I’ve been thinking a lot about age and mortality lately, and the shifts that have happened in my perceptions of the world as I start to see the first glimmerings of the light at the end of the tunnel that is my life.
Seriously…I look at all the unread books I own and wonder if I’ll live long enough to read them (definitely not, if I keep buying new ones). Things of that nature. Now my mom is in her 80’s; if I live as long as her I have plenty of time left. But I’m the age that my dad died at now. If I follow in his footsteps I don’t have long at all.
Anyway, I was thinking about blogging about these changes in attitude that creep up as we get older.
But I’m not sure if I should do it here, or if I should start a new blog. I’m not sure most of my readers really care about this stuff that they won’t have to worry about for 20 years or more.

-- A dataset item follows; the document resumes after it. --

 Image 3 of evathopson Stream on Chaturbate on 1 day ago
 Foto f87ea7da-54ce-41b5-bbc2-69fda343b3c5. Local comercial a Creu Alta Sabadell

I think, once I’m gone, that it might be interesting to read an online journal of a person slowly coming to grips with mortality and then passing on. Jeez, that sounds really morbid and I don’t mean it to be at all. But I wonder if other people think the same things I do.
Y’know the old “You kids get off my lawn” attitude that we joke about…that’s becoming reality for me, in a way. I find it interesting, when I can look at it dispassionately.
Anyway, what do you readers think? Do it here or keep it separate from all the gaming and puppy talk?